GFZ German research centre for geo sciences

Climatic and hydrological change and socio-ecologic impact in Central Asian high-mountains

From April 28th to 30th 2015, 25 researchers and young scientists from Germany and Central Asia met in Bishkek (Kyrgyzstan) to officially launch the GlaSCA-V project. The project aims at quantifying climate change impacts on natural water availability and its potential socio-ecological consequences in high mountain areas of Central Asia.

Kicking-off the GlaSCA-V Project

From April 28th to 30th 2015, 25 researchers and young scientists from Germany and Central Asia met in Bishkek (Kyrgyzstan) to officially launch the GlaSCA-V project. The project aims at quantifying climate change impacts on natural water availability and its potential socio-ecological consequences in high mountain areas of Central Asia.

For the Kickoff meeting, the researchers combined a one-day workshop with an excursion on the topics of water diversions, climate and runoff monitoring in the Ala-Archa catchment and a first sampling campaign. In addition, first talks to stakeholders in the Chu river basin were organized.

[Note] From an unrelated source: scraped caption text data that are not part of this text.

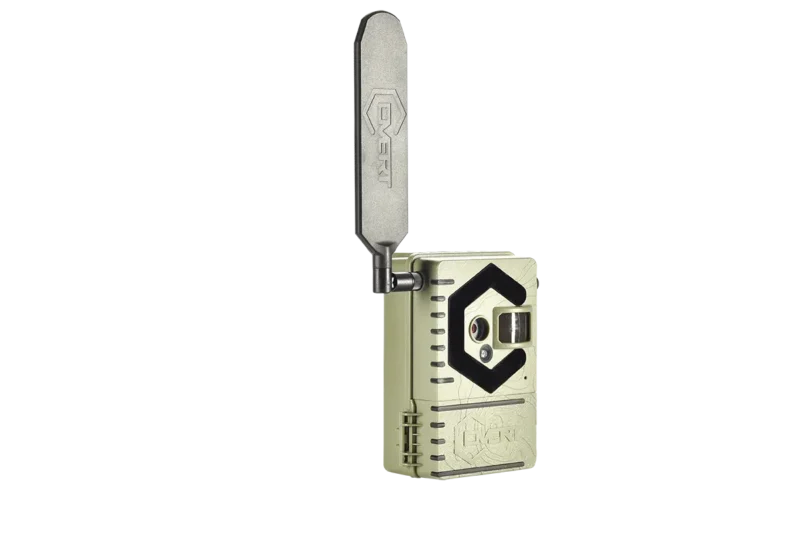 Interceptor - Image 3
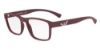 Picture of Emporio Armani Eyeglasses EA3149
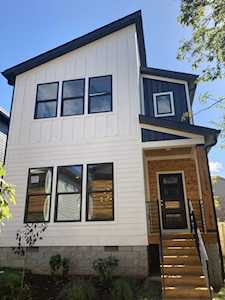 2413b Booker Street Nashville, TN 37208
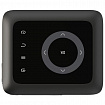 Проектор CACTUS CS-PRE.08B.WXGA, LCD, 1280x720, 16:9, 1500 лм, 1000:1, 0,5 кг, черный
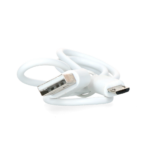 Robocat Fish Roach - Image 4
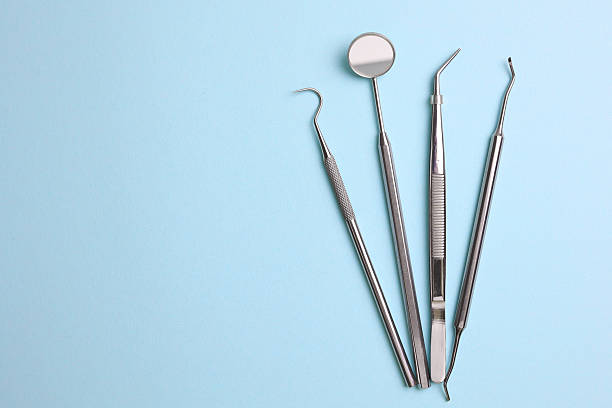 Top rated local Dental specialists in Franklin County County, IN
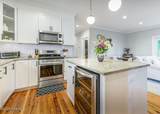 30 Station Avenue - Photo 11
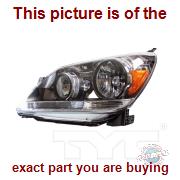 Part photo 1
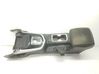Armrest 969054KJ7A
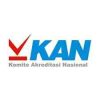 logo kan
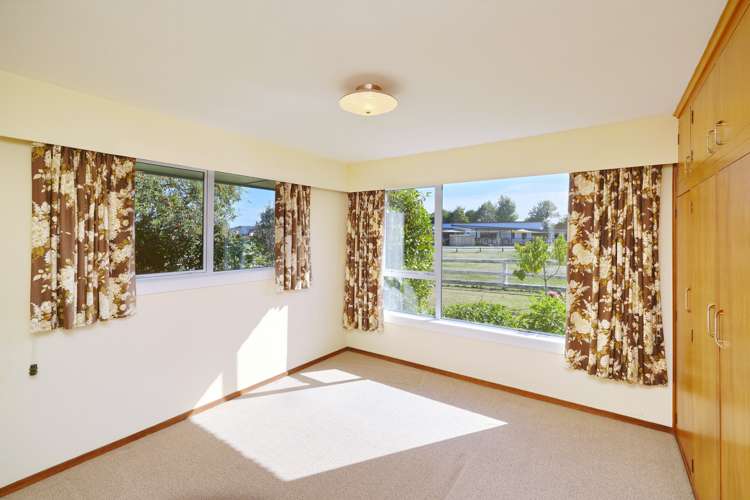 52 Oxford Road Rangiora_6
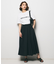 【Healthy DENIM】Williams TownロゴTシャツ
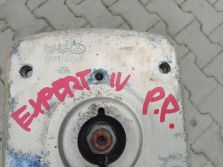 PEUGEOT EXPERT IV 2.0 HDI AMORTYZATOR PRAWY PRZÓD PRZEDNI
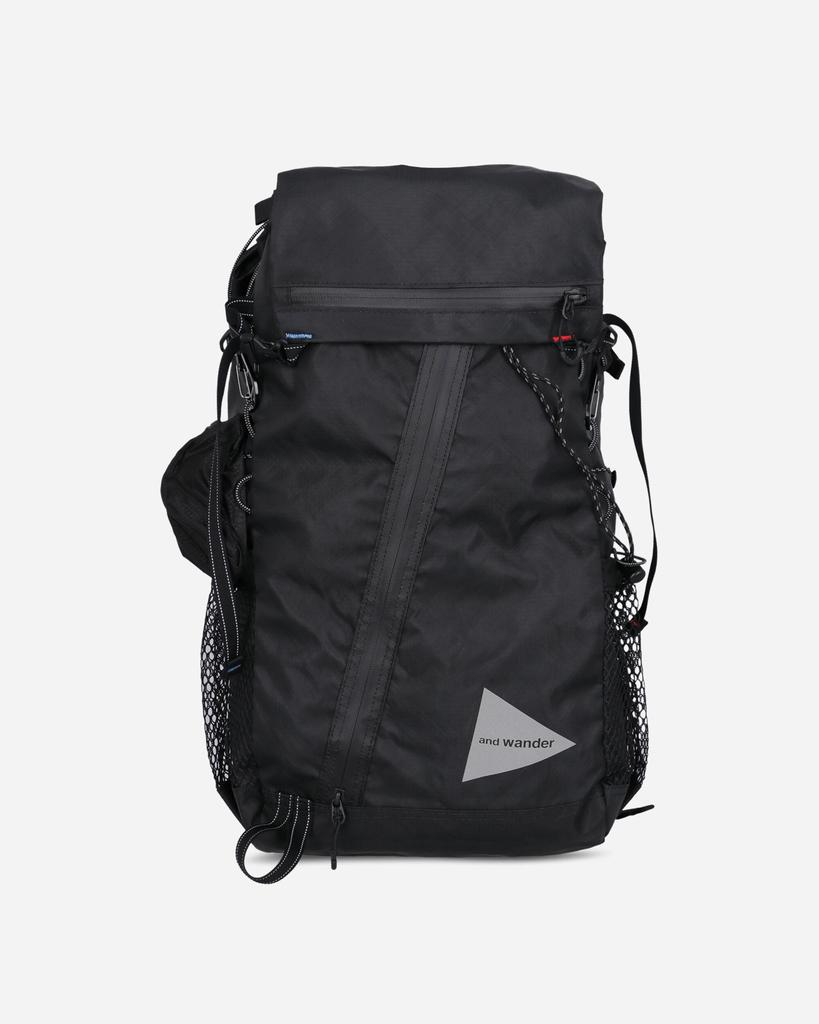 Shop and wander ECOPAK 30L Backpack on Sale at BeyondStyle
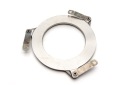 ПЛАТА ЩЕПЛЕННЯ BMW R850R R850RT R850C R1100S R1100RS R1150R  (17438965607) фото min 2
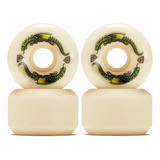 Roda Powell Peralta Dragons 56mm 93a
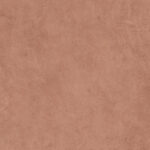 Carrelage effet béton ciré terre cuite Unicom Starker LIVING - TERRACOTTA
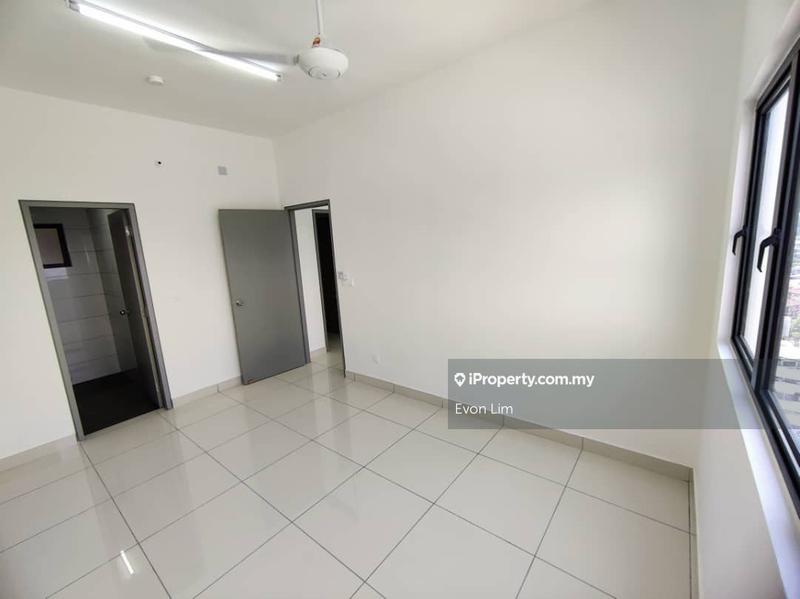 For Sale - Traders Garden @ Cheras Selatan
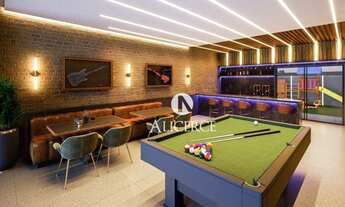 Imagem 6: Apartamento à venda, 134 m² por R$ 1.869.000,00 - Perequê - Porto Belo/SC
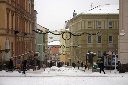 CRW_6450.jpg
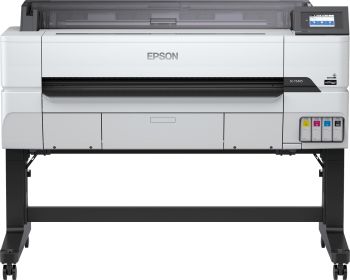 Epson C11CJ56301A0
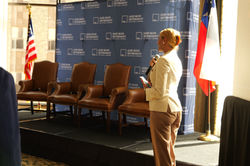 God Bless Retirement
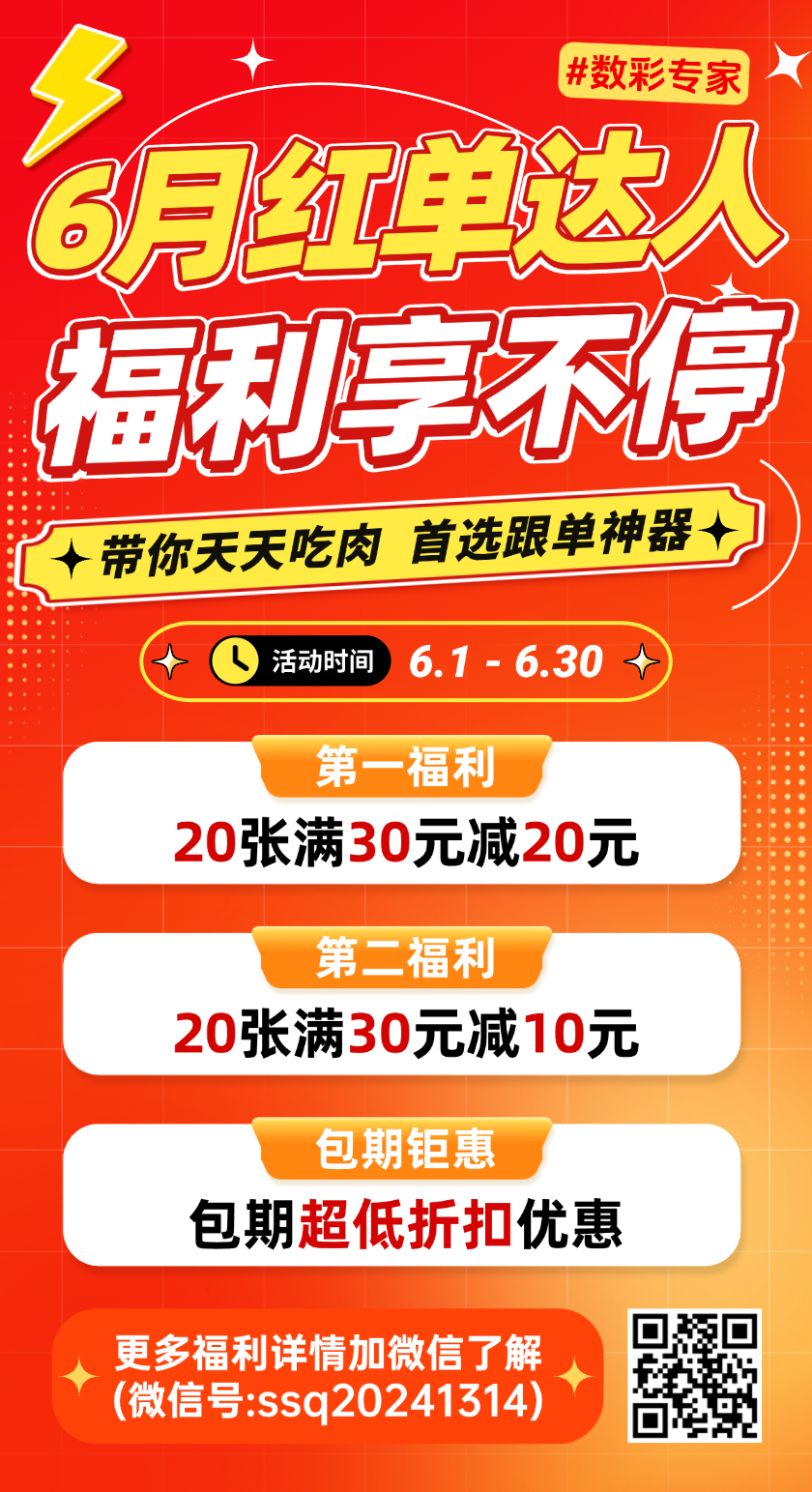 快乐82026149期麒麟八侠推荐 精选五胆码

The project "Changes in Glacier and Snow-melt runoff components in Central Asia and societal Vulnerability, GlaSCA-V", coordinated by GFZ section Hydrology, is funded by Volkswagen-Stiftung for the period 2015-2017 and is complemented by a 2-year pilot study supported by the International Bureau on behalf of the German Federal Ministry for Education and Research. The meeting was hosted by the Central Asian Institute of Applied Geosciences in Bishkek, an affiliate of GFZ.

The research focuses on three transboundary river basins in the northern Tien Shan. The Ala-Archa catchment south to Bishkek serves as the experimental site in the frame of the pilot study. In this catchment, water storages and flows will be sampled on a regular basis to quantify the contributions of individual runoff components such as snow and glacier melt, rain and groundwater to total river flow. The results of chemical and isotopic analysis will be used for the verification and adjustment of hydrological models and later on for modeling large-scale changes in river runoff in the Chu and Ili river basins.

Further project partners are the Helmholtz-Centre for Environmental Research, UFZ, Institute for Environment and Human Security der United Nations University in Bonn, das Tian Shan Policy Center of the American University of Central Asia, the Kyrgyz-Russian-Slavic University in Bishkek, and the Regional Centre for Hydrology in Almaty. Representatives from the state agencies for hydrometeorology from Kazakhstan, Kyrgyzstan and Tajikistan joined the meeting as associated partners of the pilot project.